A Signal Propagation Perspective for Pruning Neural Networks at Initialization

TL;DR

This paper provides a theoretical analysis of why pruning neural networks at initialization works, introduces a signal propagation perspective to improve pruning methods, and demonstrates enhanced results across various models and scenarios.

Contribution

It offers a formal characterization of initialization conditions for effective pruning, analyzes signal propagation in pruned networks, and proposes a data-free method to enhance trainability.

Findings

Improved pruning results on multiple image classification models.

A formal link between connection sensitivity and gradient-based measures.
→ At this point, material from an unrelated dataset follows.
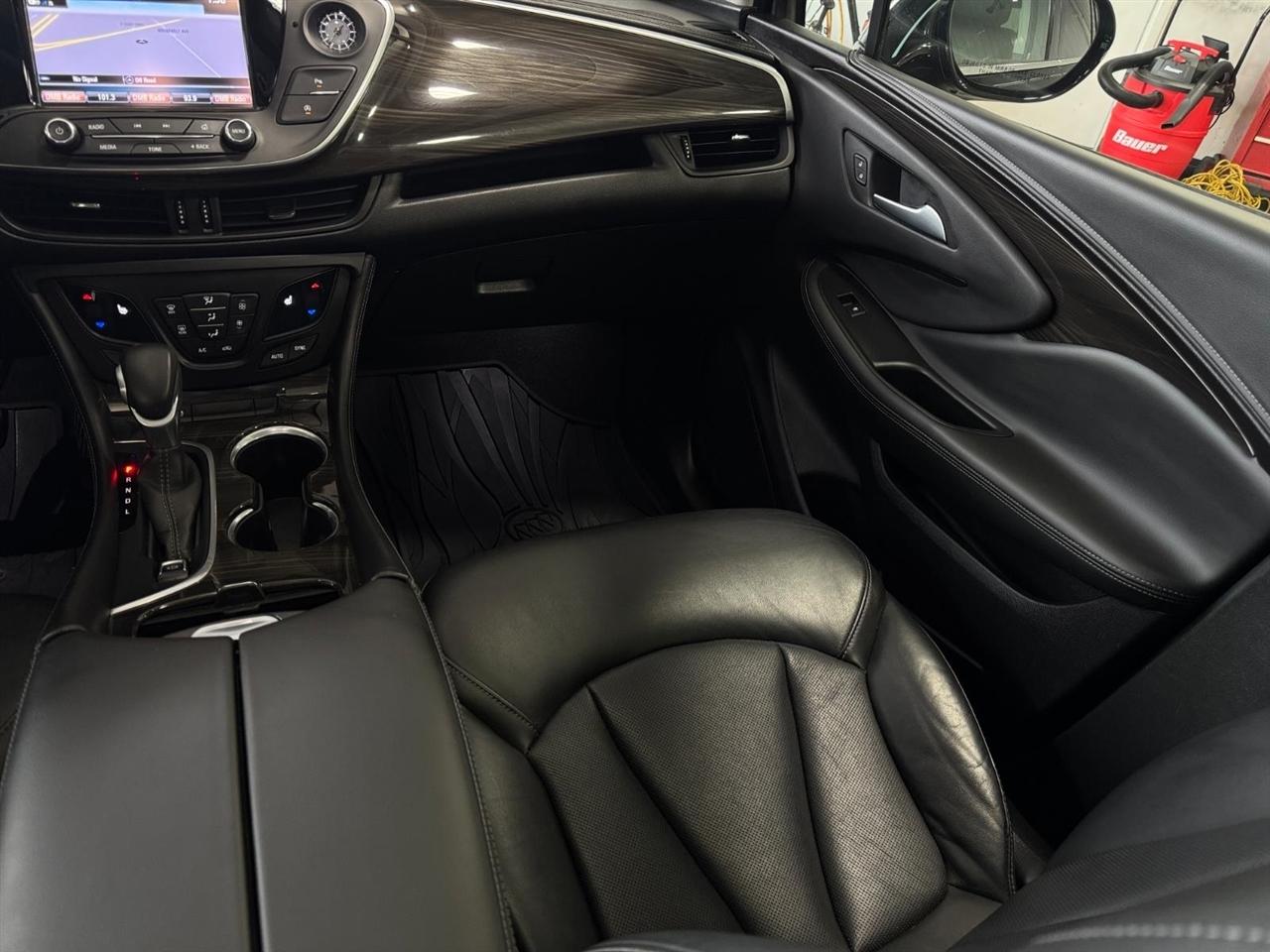 Buick Envision AWD 4dr Essence 2020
Enhanced trainability of pruned networks through signal propagation analysis.

Abstract

Network pruning is a promising avenue for compressing deep neural networks. A typical approach to pruning starts by training a model and then removing redundant parameters while minimizing the impact on what is learned. Alternatively, a recent approach shows that pruning can be done at initialization prior to training, based on a saliency criterion called connection sensitivity. However, it remains unclear exactly why pruning an untrained, randomly initialized neural network is effective. In this work, by noting connection sensitivity as a form of gradient, we formally characterize initialization conditions to ensure reliable connection sensitivity measurements, which in turn yields effective pruning results. Moreover, we analyze the signal propagation properties of the resulting pruned networks and introduce a simple, data-free method to improve their trainability. Our modifications to the existing pruning at initialization method lead to improved results on all tested network models for image classification tasks. Furthermore, we empirically study the effect of supervision for pruning and demonstrate that our signal propagation perspective, combined with unsupervised pruning, can be useful in various scenarios where pruning is applied to non-standard arbitrarily-designed architectures.